WHAT YOU SHOULD DO: Your reply should reproduce each line below exactly and carry none of the pictures.

MATERIAL PROVIDED:
↓

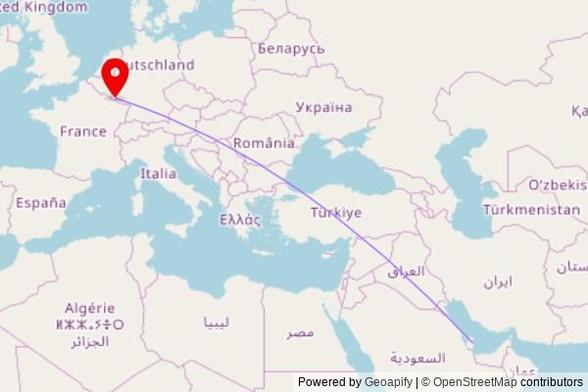 A map showing the great circle route from Doha in Qatar to a map pin at Chapelle du Christ-Roi, 23 Avenue Gaston Diderich, 1420 Luxembourg, Luxembourg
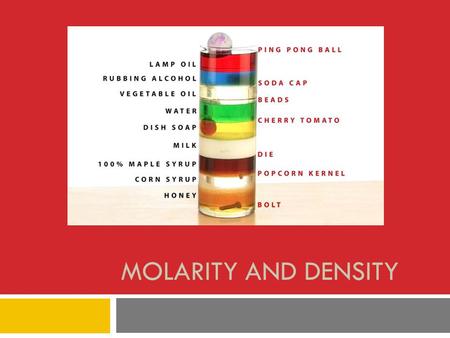 MOLARITY AND DENSITY. Header ChemistryName Experiment #17Date __ Mods__ Molarity and DensityPartner.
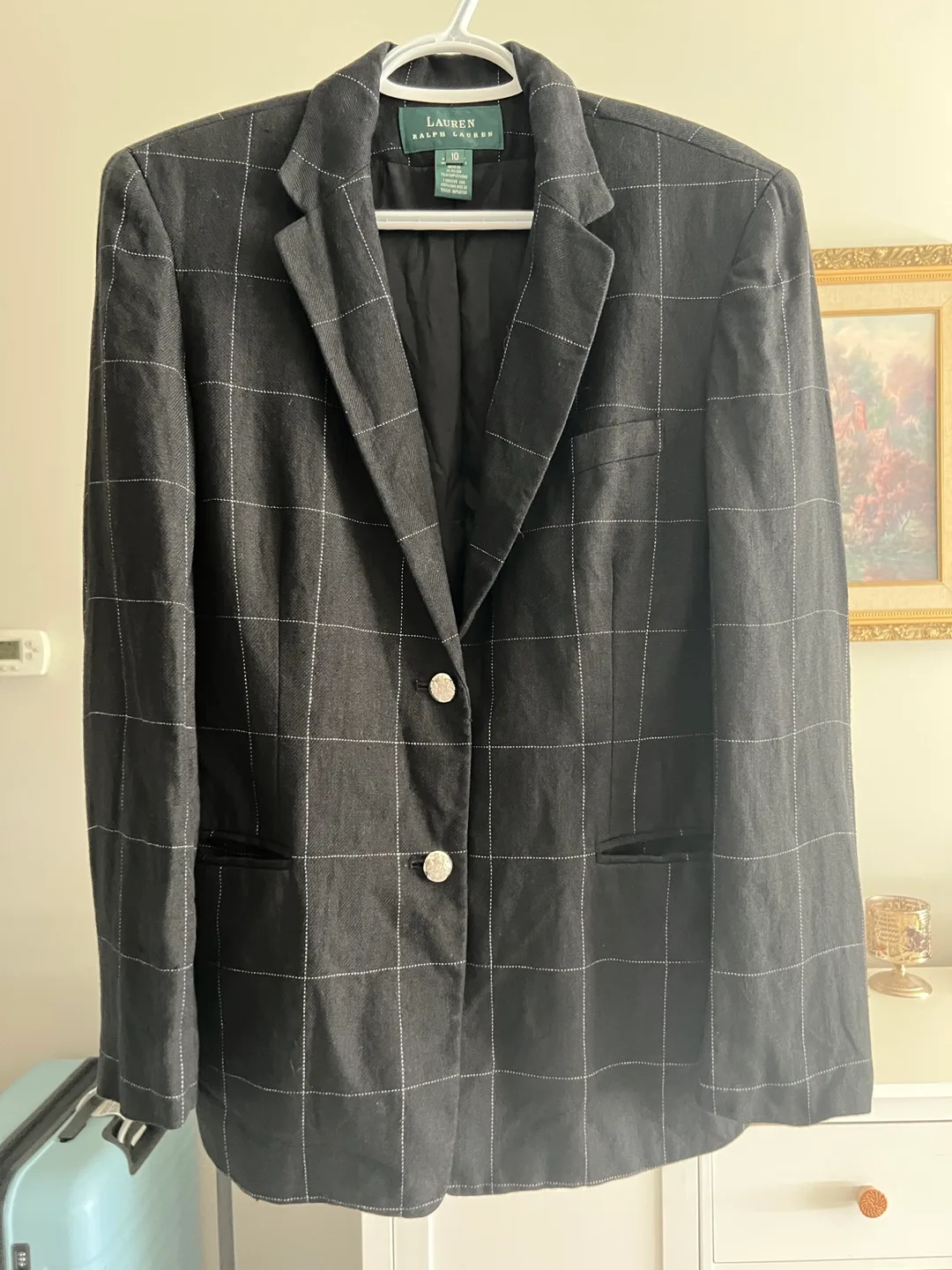 Lauren by Ralph Lauren 100% Linen Black and White Blazer thumbnail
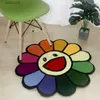 INS Cartoon Flor Flor redondo Carpet Anti-deslizamento Infantil Playground Soft Plush Rugs Tapete de café Tapete Decoração Decoração Mats T230519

↑

SOLUTION TO THIS PROBLEM:
 A map showing the great circle route from Doha in Qatar to a map pin at Chapelle du Christ-Roi, 23 Avenue Gaston Diderich, 1420 Luxembourg, Luxembourg
 MOLARITY AND DENSITY. Header ChemistryName Experiment #17Date __ Mods__ Molarity and DensityPartner.
 Lauren by Ralph Lauren 100% Linen Black and White Blazer thumbnail
 INS Cartoon Flor Flor redondo Carpet Anti-deslizamento Infantil Playground Soft Plush Rugs Tapete de café Tapete Decoração Decoração Mats T230519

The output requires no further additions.